Parents decided to bring Anastasiya back to Ukraine, in the town of Artyomovsk, where her grandmother lives. Her father is sure the situation is now calm there unkile in his hometown Gorlovka: “If anything, we have relatives in Nikolayevka. She will finish school there. An then, after ninth grade she will come back to Moscow. We will stay in Moscow, we have another small child and I have a job here.”
According to the Civic Assistance employee Konstantin Troitsky, who is in charge of access to education issue in the Committee, this situation is a clear example that the problem of misinterpretation of Ministry of Education order №32 remains relevant. “Our appeal to the Supreme Court gave certain results, of course. Court’s decision can convince headteachers to admit children to schools. But it only proves that the problem remains. Obviously, Court’s decision didn’t receive proper spread among headteachers and other officials engaged in education.”
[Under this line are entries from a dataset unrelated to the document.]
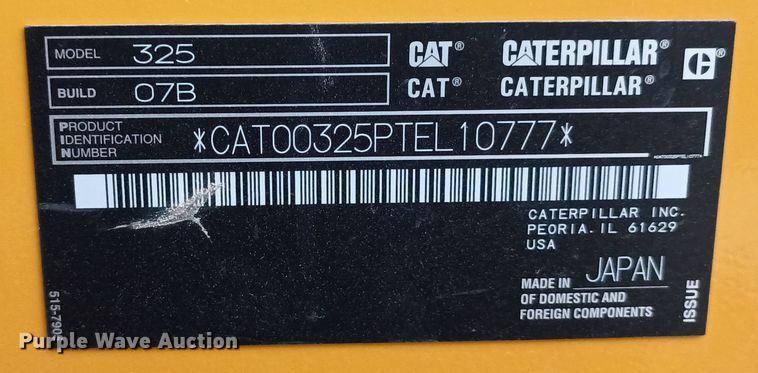 image for item OA9193 2021 Caterpillar 325  excavator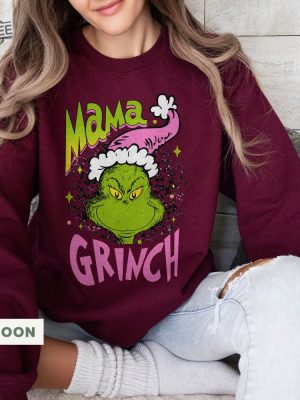 Personalized Mama Grinch Shirt Christmas Kids Names Custom Family Christmas Shirt Christmas Mother Gift Mama Christmas Gift Tee Shirt Unique revetee 3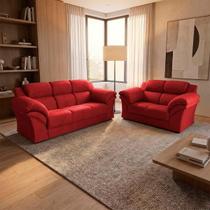 Conjunto Sofá Windsor Velut Vermelho 3 e 2 Lugares 2,04m e 1,59m - King House Conjunto Sofá Windsor Velut Vermelho 3 e 2 Lugares 2,04m e 1,59m - King House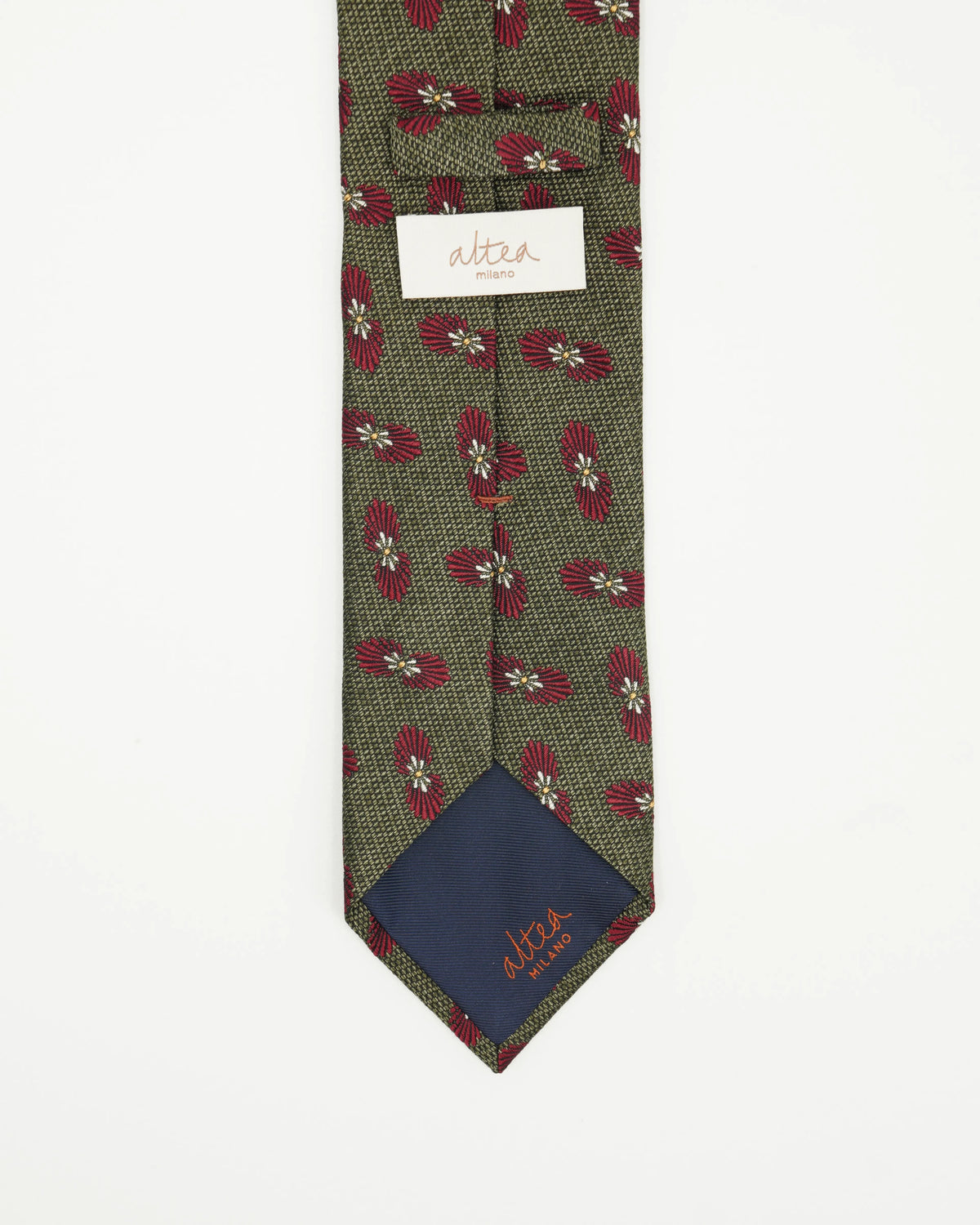 Altea Tie 8cm Silk Cotton Floral Green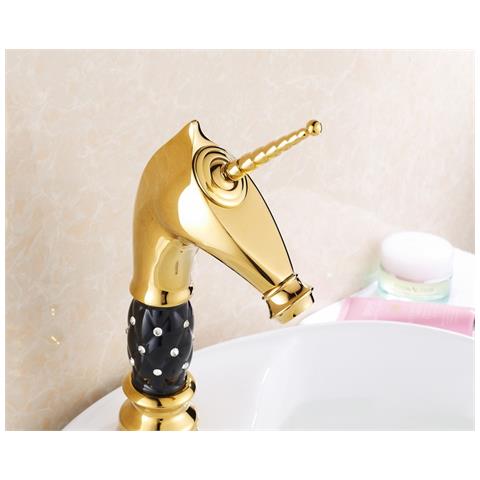 Rubinetto per lavabo da bagno, Blackswan, tipo M270 Unicorn, modello oro /nero medio, misura 27,2 cm - Foto 4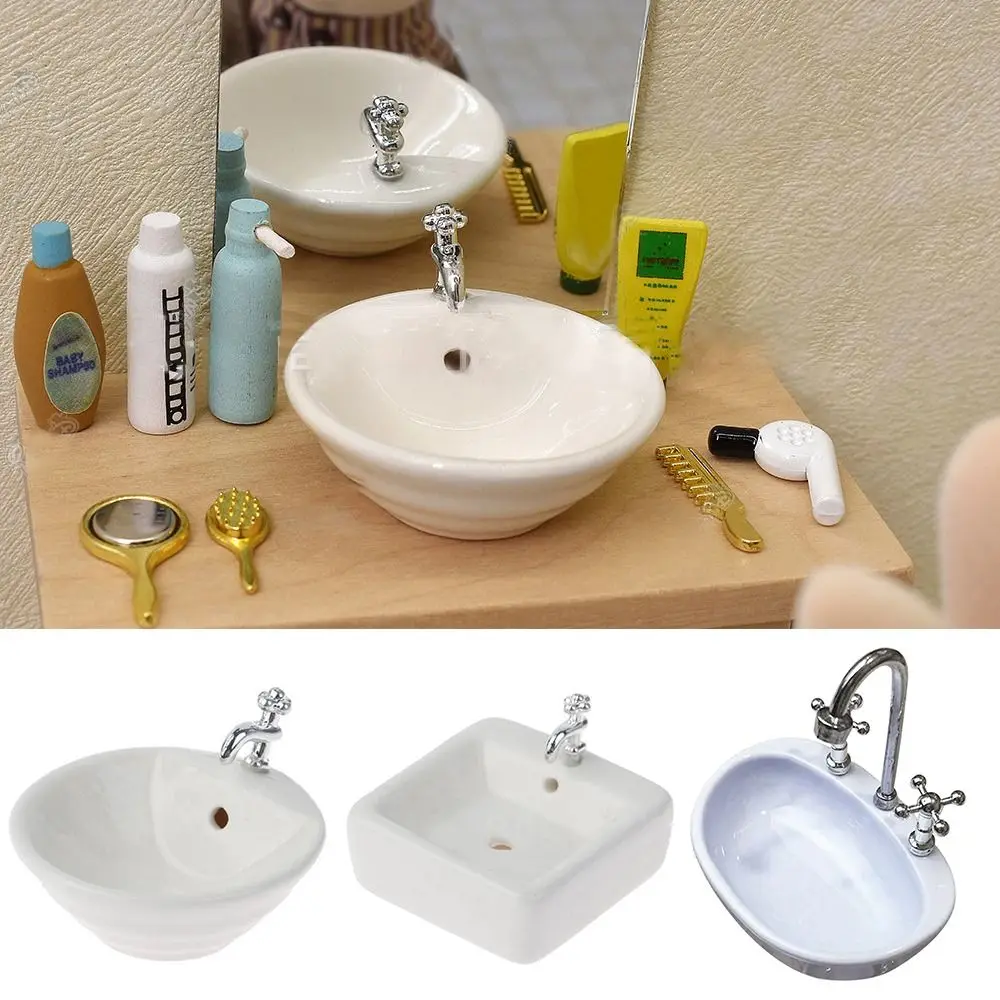 

1:12 Scale Mini European-style Dollhouse Bathroom Scene Model Miniature Toilet Bathtub Washbasin Mini Furniture Doll Accessories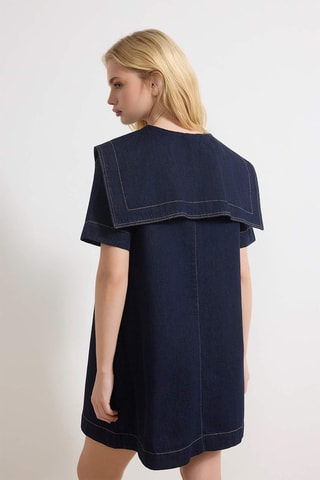 Robe trapèze en jean - Bleu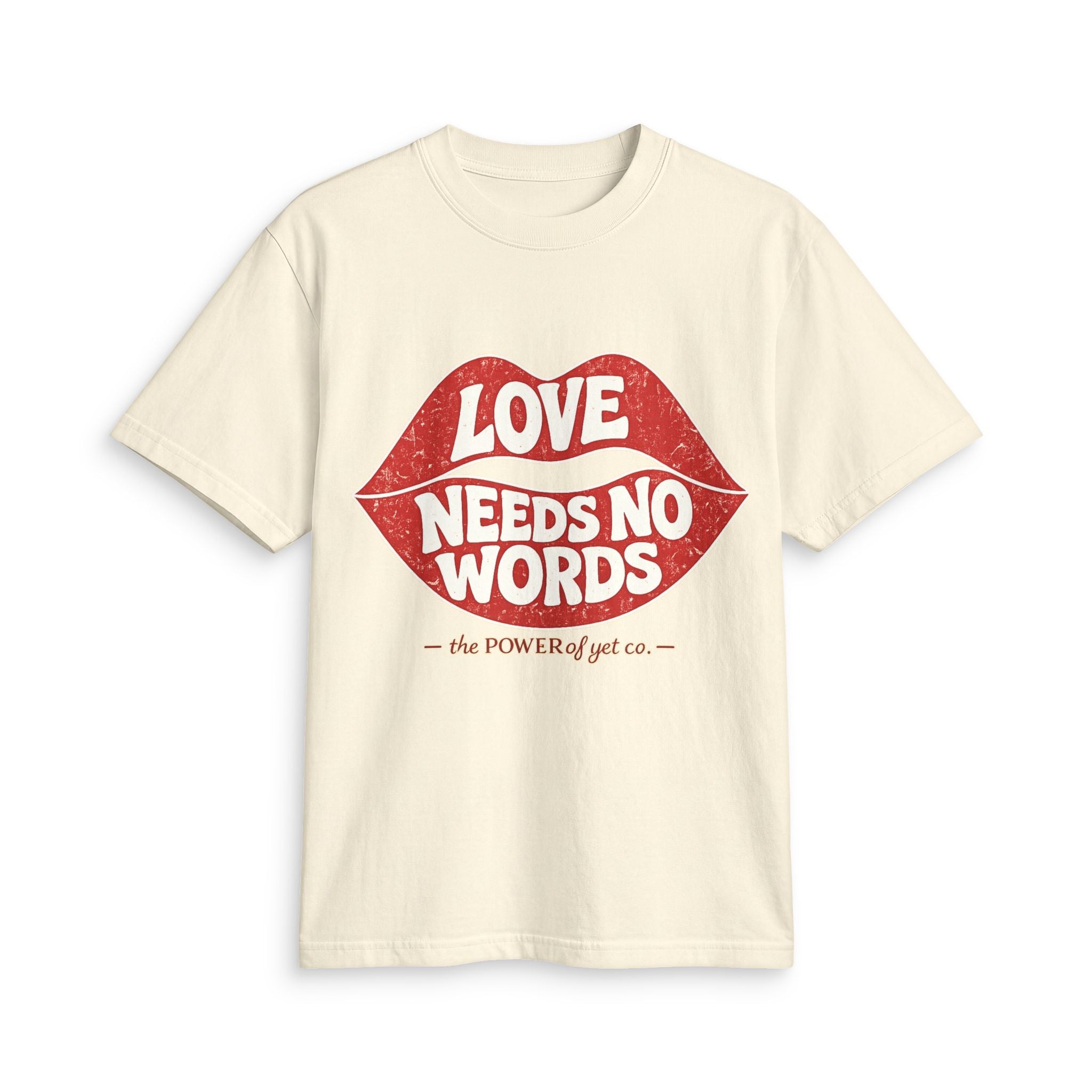 Love Needs No Words T-Shirt — Retro Lip Graphic Tee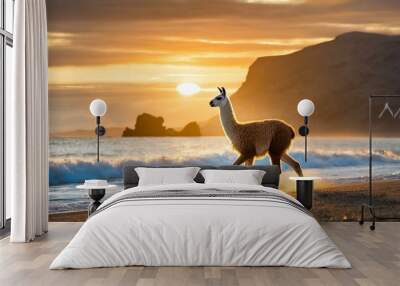 A small llama running along the sea during a beautiful sunset with hills visible in the background Wall mural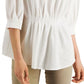 Blusa feminina Alfani com frente franzida e manga comprida, branca, tamanho GG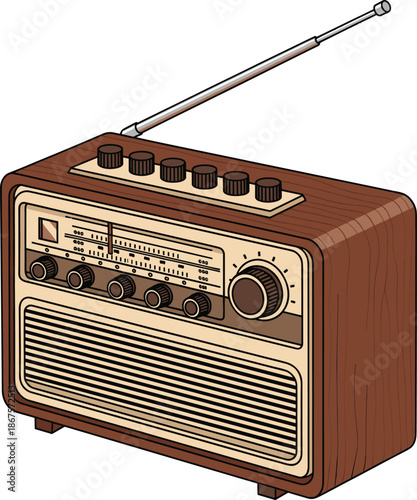 Vintage radio vector illustration showing retro wooden transistor radio with antenna classic audio device isolated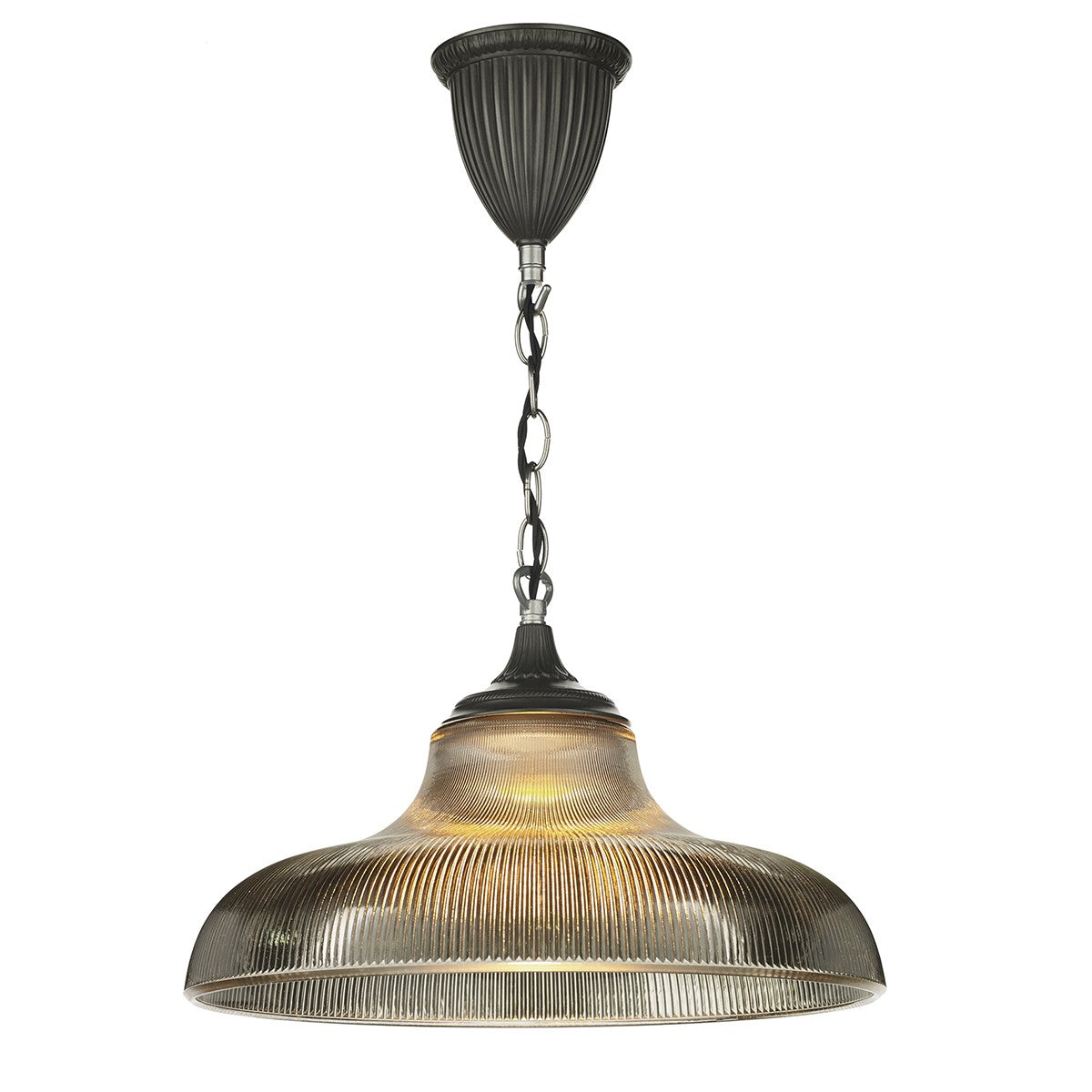 This pendant light has a large ceiling rose with a ribbed detail finished in a dark steel colour, it has a chain hanging down with a shiny steel smokey glass that is circular and ribbed its a thick heavy glass that is shallow and wide so you will see the bulb pointing out underneath.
Since the beginning of 2014 110 families, facing problems with access to education, applied to the Committee. We were able to help in some cases. We know for sure that 56 families were able to solve the problem and children were admitted to schools. But the Committee didn’t conduct in-depth surveys. Therefore, it is not known how many children are deprived of their right to education on the ground of illegal requirement of registration.